Their lawyer said the shipment in the truck was hemp, not marijuana. Prosecutors argued the opposite. The drivers, African natives for whom English is their second language, said they didn’t know what they were hauling.

Lab results released three weeks after their arrest showed that most samples of the product tested near or just slightly above the legal limit for hemp.

In another case, an Idaho trooper stopped a truck driver at a weigh station in late January 2019 and found nearly 7,000 pounds of what he thought was marijuana. The truck’s bill of lading listed the goods as hemp.

DEA Special Agent and spokesperson Melvin Patterson, called the Oklahoma case “odd because local police are not supposed to arrest someone on the spot” without testing the product first.

“There’s no way the police could have known the amount of THC in the product the truck drivers were hauling,” Patterson said. “It’s a murky situation.”

U.S. Postal Service Litigates

Two companies found themselves in complicated situations when they had their shipments of hemp-derived CBD confiscated by the U.S. Postal Service (USPS).
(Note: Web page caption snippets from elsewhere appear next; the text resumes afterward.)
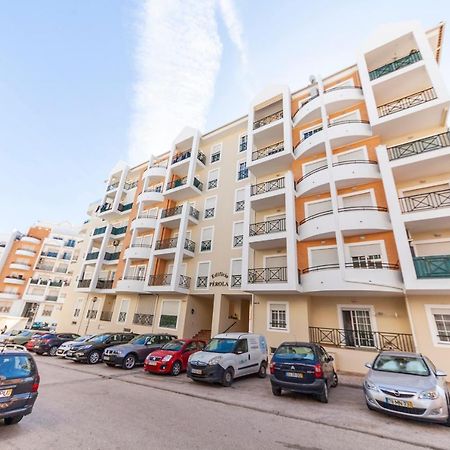 A54 - Perola Apartment In Armação de Pêra Esterno foto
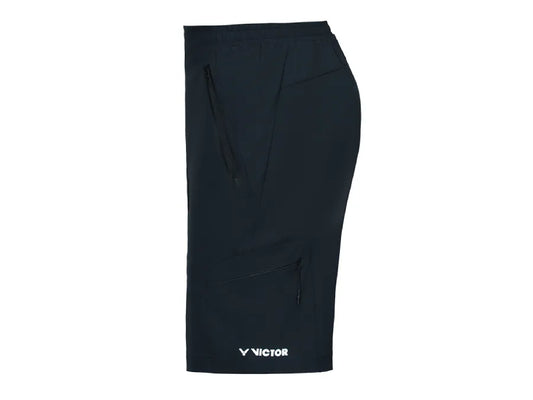 Victor R-502CPS C Capsule Collection Unisex Woven Shorts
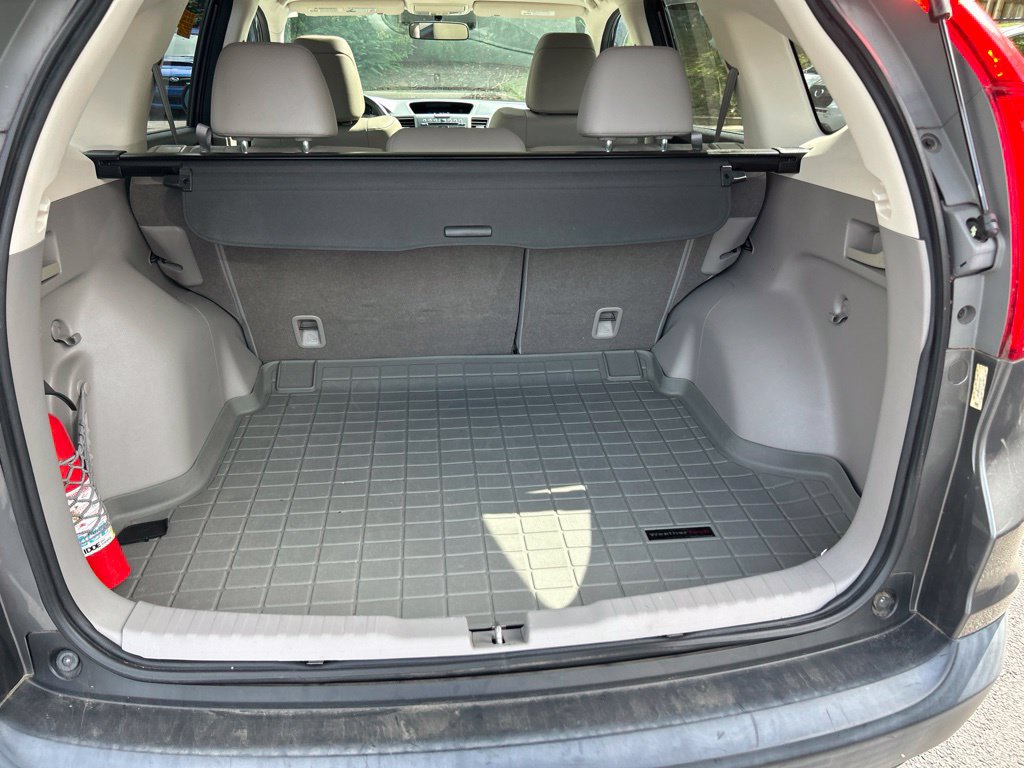 Used 2014 Honda CR-V EX-L image 17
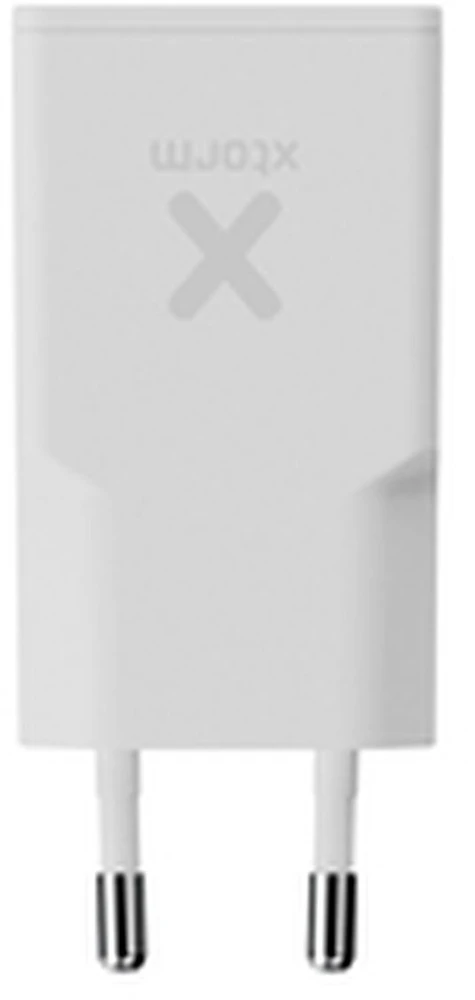 Powerbank Xtorm SlimLine Baltas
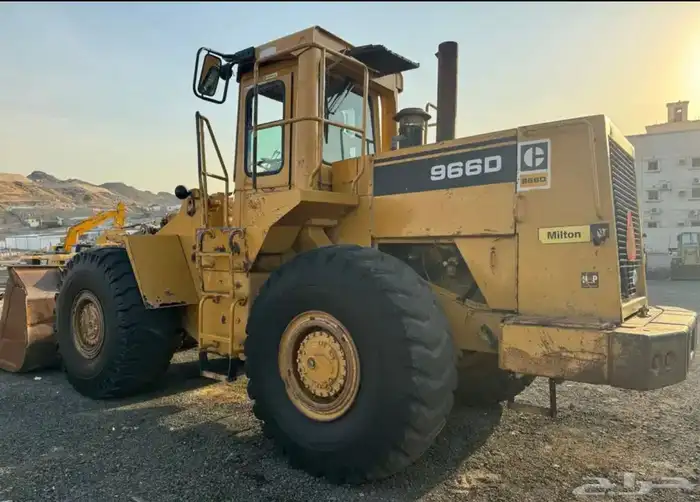 شيول 966 Dموديل 87 4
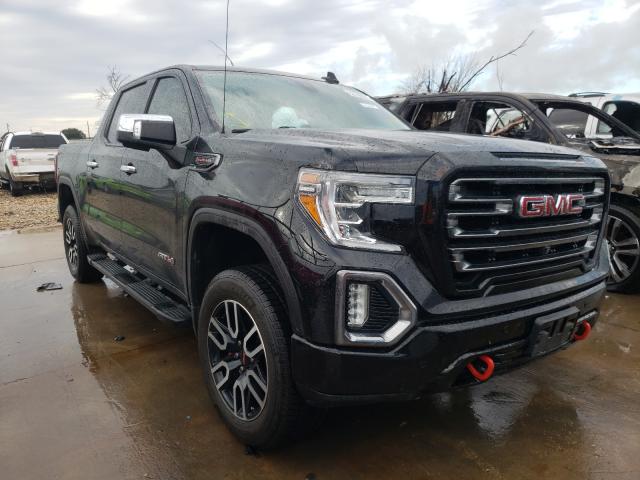 GMC SIERRA K15 2019 1gtp9eel9kz146898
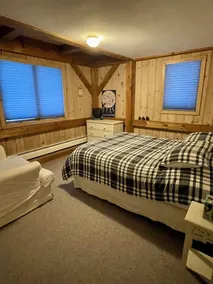 Peaceful Waterfront Home, Swim & Boat from Dock, Near Ski Mountains, 4BR, 2 Ba - Image 3
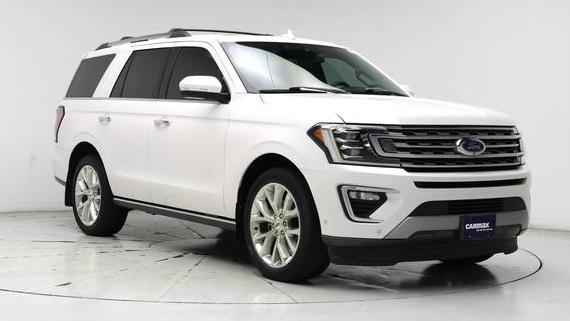 FORD EXPEDITION 2019 1FMJU1KT4KEA85447 image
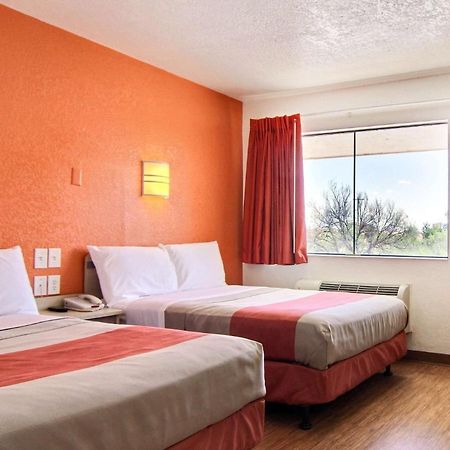 Motel 6-San Ysidro, Ca - San Diego - Border Exteriér fotografie
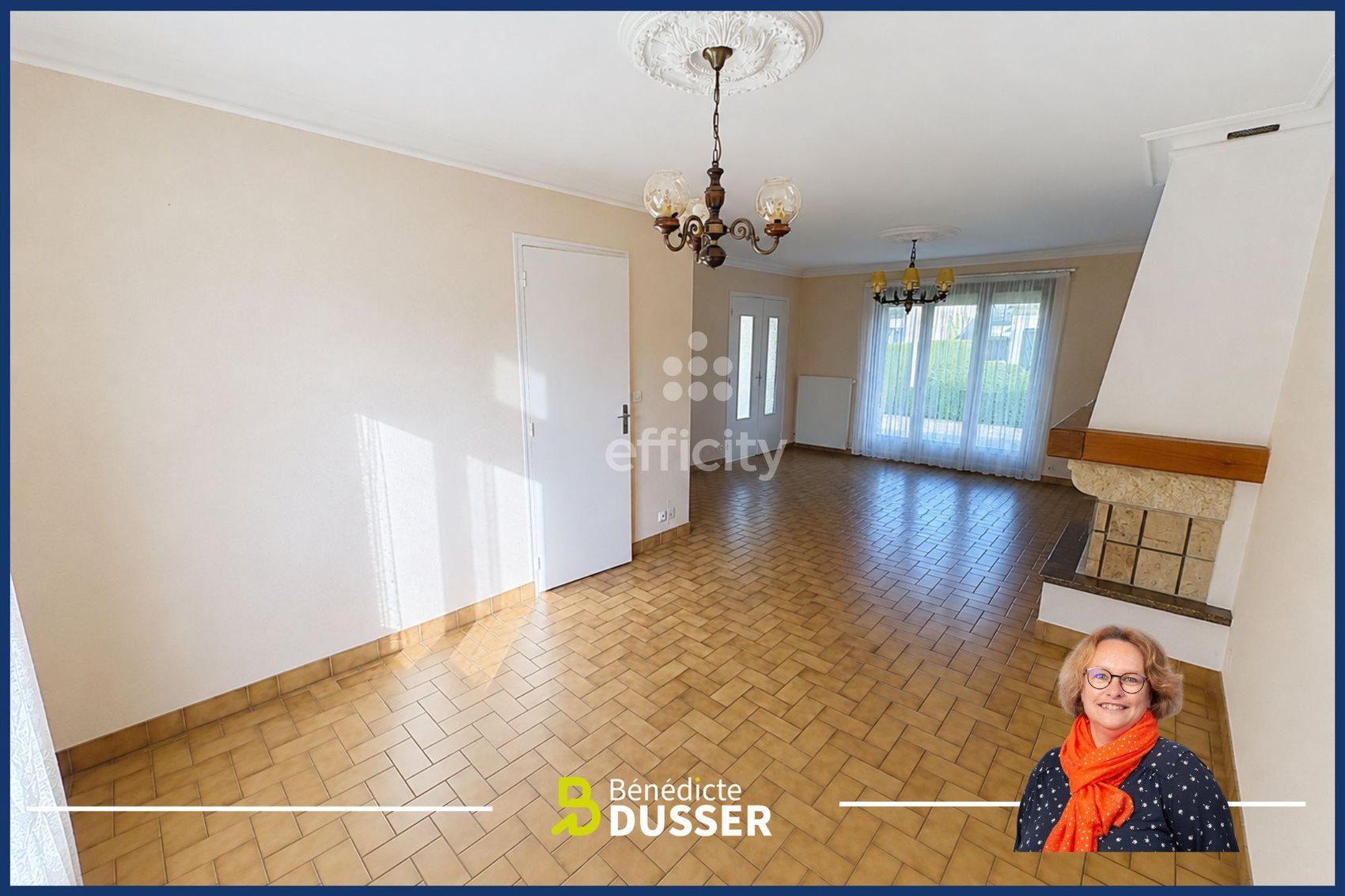 Maison à vendre, 73m², Acigné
Both of their cases have established legal precedents.    

An Upper West Side Manhattan health food store advertises CBD products. (Photo by Maureen Meehan)

In January 2018, the USPS seized a package containing 1.17 kilograms of CBD powder mailed to a Utah address by KAB LLC, a registered Colorado industrial hemp cultivator. When the company’s attorney, Courtney Moran, argued that KAB had used industrial hemp to create the CBD powder, the judge agreed.

Administrative Law Judge James G. Gilbert ruled on Sept. 21, 2018, that KAB was in compliance with the 2014 Farm Bill that legalized the cultivation of industrial hemp for research purposes and that therefore CBD products made from industrial hemp were legally mailable.

Later in the year, the USPS confiscated a 22-pound package of hemp-derived crude CBD oil sent to Ohio by Matt Enos, CEO and founder of Oregon-based Pataganja, Inc. Enos also won his claim that the hemp-derived product was not a controlled substance, and the seized package was returned.

“This was a big win for Pataganja and KAB as we fight for our rights as consumers and as an industry,” said Enos. “We are the first case of shipping CBD crude oil to win an appeal and the last to go through right before the 2018 Farm Bill passed. Exciting times.”